By and large, the above mentioned phenomenon has strong underlying reasons. The first, and, perhaps, most immediately identifiable, is related to the fact that we encounter these drawings structured around a mode of signification that is uncommon for objects of this kind. Contrary to what would be expected, these drawings are far more anchored to symbolic modes of signification (words, diagrams, axonometries) than to iconographic ones. This means that beyond the play of similarity recognition and posterior projection, they request of the spectator an attention to interpretation and decoding(7). Indeed, an approximation of this nature transfers to the spectator the onus of concatenating disparate information and its translation into a piece of work to be staged in that exclusive field of fertile creative freedom we call imagination. Although anchored to the textual premises and graphic traces that Carlos Nogueira offers, the experience triggered by these working drawings reaps its glow and energy precisely from what remains inexplicit, vague, indeterminate, suggested, and which, in its generalized imprecision, authorizes the speculative and projective action of the spectator, without jeopardizing the artistic function.
2. Transitive condition
«Live in your head» – subtitle of another renowned exhibition, this time curated by Harald Szeemann at Kunsthalle Bern in 1969(8) – could be the epithet for the phenomenon triggered by these drawings. Instigated by the erasures, caesurae and corrections, as also the visual indications and addenda provided by the artist, the projective action set in motion before these drawings implies a critical involvement which oscillates between what becomes expressed and what is insinuated in the project. If, as we have seen, it is through suggestion that the imaginative process in which we are enmeshed unfolds, it is neither possible, however, nor desirable to relegate the transitive quality of most of the data provided by the artist to the background. Furthermore, it is precisely by means of acknowledging this quality and the involvement of the spectator in the dynamics stemming thereof, that the sensation of process, so to speak, is installed and becomes productive.
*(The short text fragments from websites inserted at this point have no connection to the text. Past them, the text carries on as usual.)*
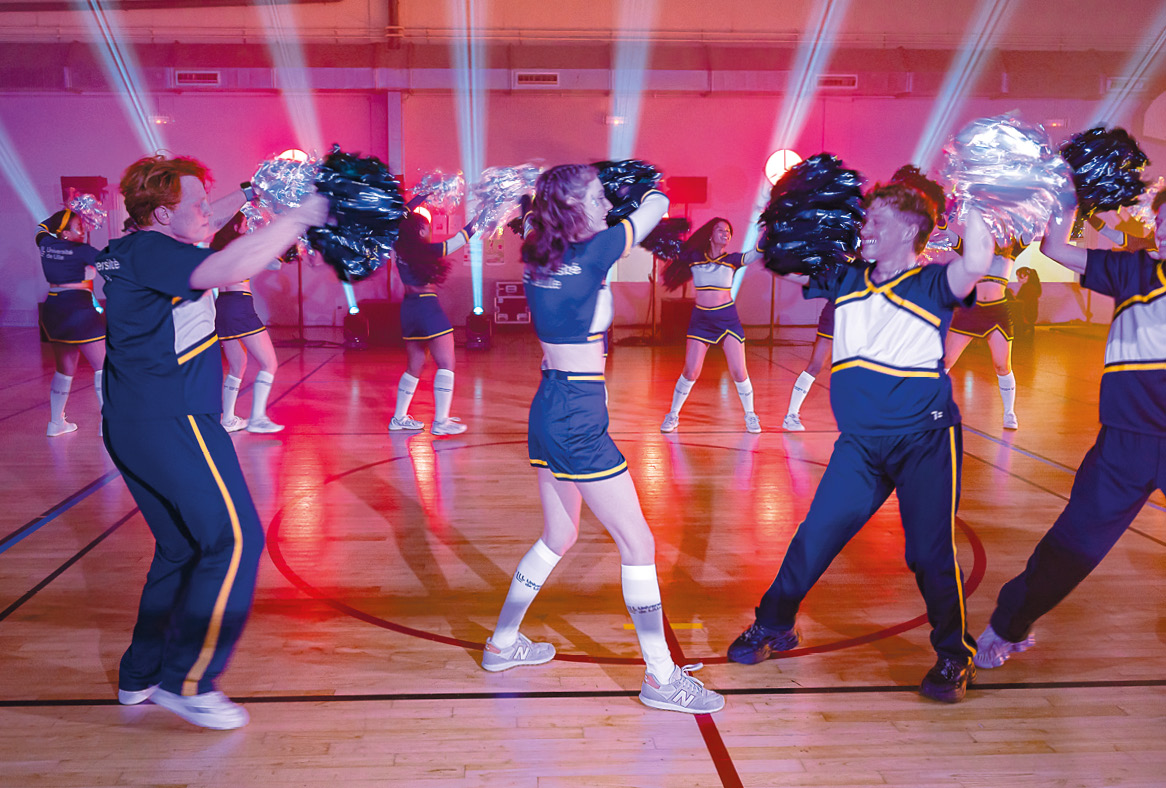 Des jeunes hommes et jeunes femmes agitent des grands pompons, sous une lumière rose-orangée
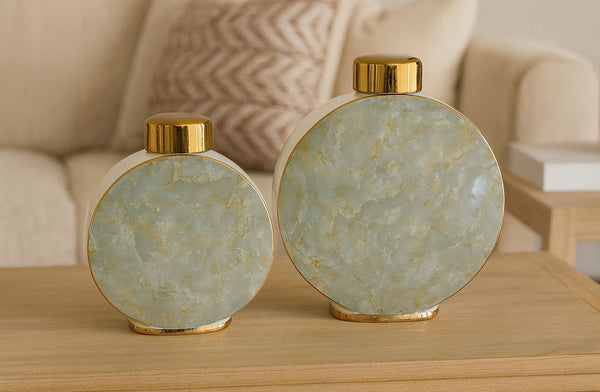 Two decorative vases with gold lids on a wooden surface, with a blurred background.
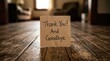 © Mudassir - Brown paper note featuring handwritten thank you and goodbye message resting on rustic wooden floorboards in a warm home interior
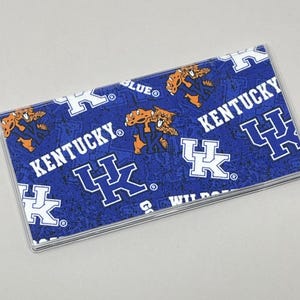 May include: A blue and white checkbook cover with the University of Kentucky Wildcats logo and the words "Kentucky" and "Wildcats".
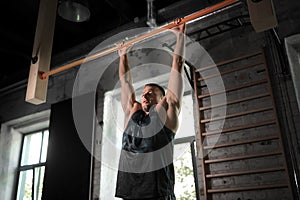 man exercising on bar and doing pull-ups in gym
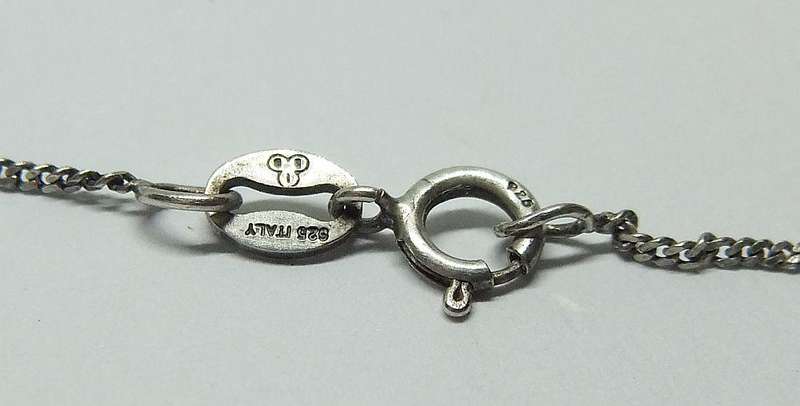 A VINTAGE ITALIAN STERLING SILVER NECKLACE WITH A SOLID GERMAN " 835 "SILVER GOAT PENDANT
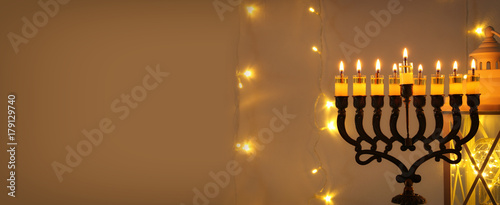 Low key image of jewish holiday Hanukkah background with menorah (traditional candelabra)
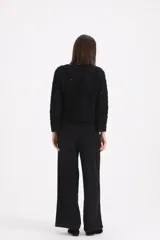 Pantalon de vestir negro de corte recto y tiro alto, con cintura ancha y cinto de lazo integrado en la misma tela.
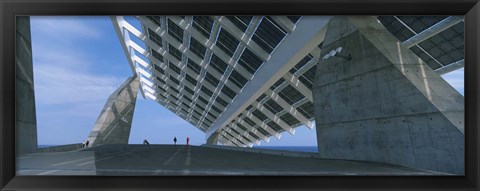 Framed Four people under a structure, Barcelona, Catalonia, Spain Print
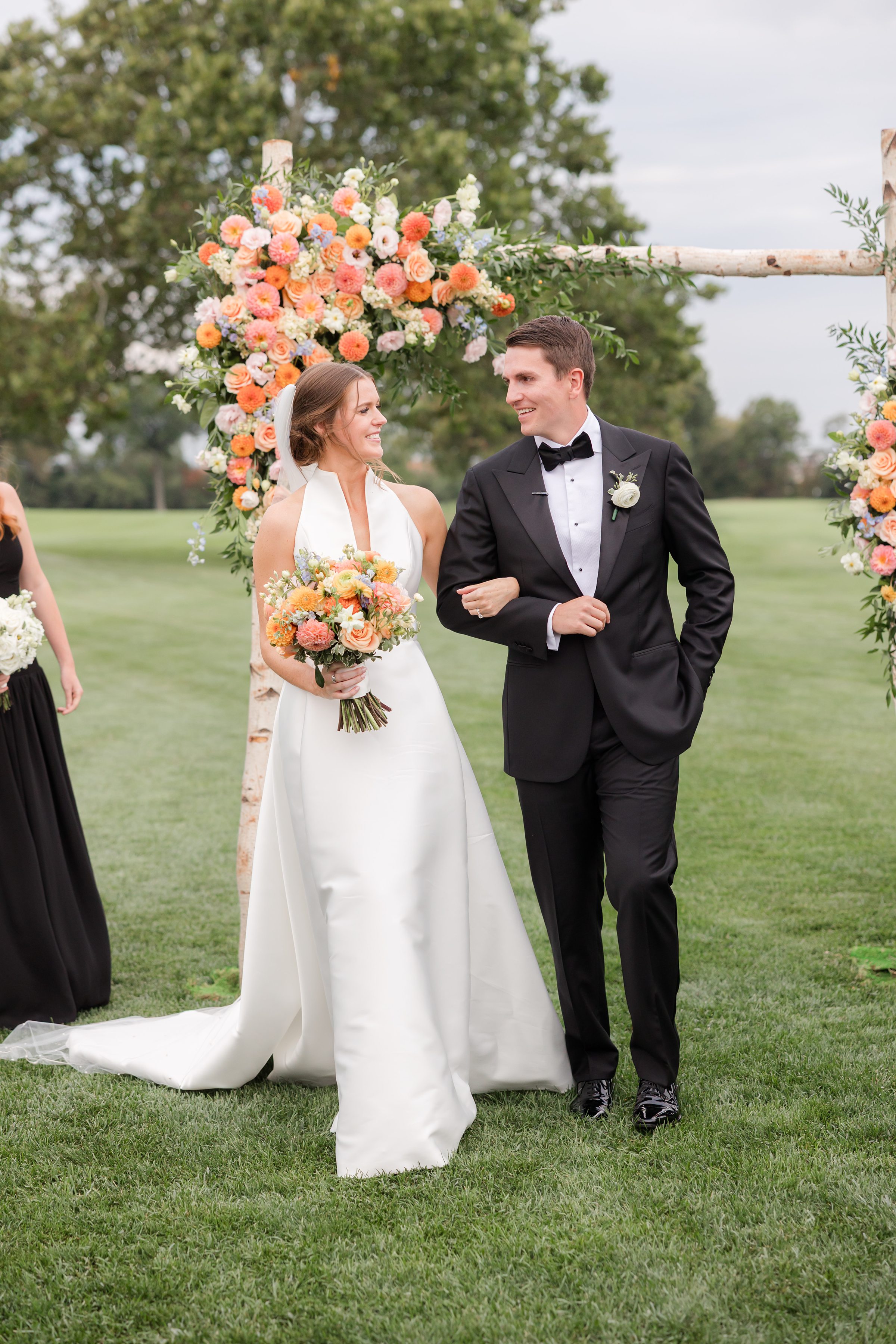 Bride and groom walk together beneath a floral arch, smiling at each other on a green lawn.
As far as the afore mentioned transitive condition is concerned, it is possible to distinguish two rather different modalities in the set of working drawings presented in this exhibition. The first, and perhaps the most obvious, gains substance in the visual marks that indicate the artist’s thinking process. Achieving greater expression in works such as estudos para beyond the very edge of the earth (studies for beyond the very edge of the earth) (1997-1998), estudo para a noite e branco (study for in night and white) (1997-2000) or estudos para desenhos de construção com casa . e céu (studies for construction drawings with house . and sky) (2006), this body of visual marks is composed essentially of words, numbers, diagrams and signs whose organisation enables one not only to assume the intentions of the artist, but also the hesitations, mistakes and alterations he carried out throughout the process. There is a clear feeling of temporality and duration in the drawings of Carlos Nogueira. His involvement in the process of conception leaves a trace which, although not susceptible to being organised by the spectator in a linear succession – with a perfectly identifiable beginning, middle and end – still testifies the immersion of the artist in the creative challenge. Likewise, the spectator’s encounter with this trace will produce a no less immersive, stimulating and scathing experience, as if the work in question could function as a mediating surface of the specular relationship between the behaviour of the artist and that of the beholder.
To a certain degree, what is most surprising about this whole situation is the fact that it is processed primarily on a morphological level. This means that our acknowledgement of the immersion of Carlos Nogueira in the creative moment does away with all levels of information other than the purely visual; the entire apparatus functions on a surface level which is sufficient for the spectator to be situated before that which is beheld in a regime of absolute generality. It is precisely when we are available to decode and find the specificity of some of this information – particularly the textual – that the second modality of the inclusion of the transitive in these working drawings is unveiled: the way such information refers to the transformation states of the shapes and materials listed in the different projects.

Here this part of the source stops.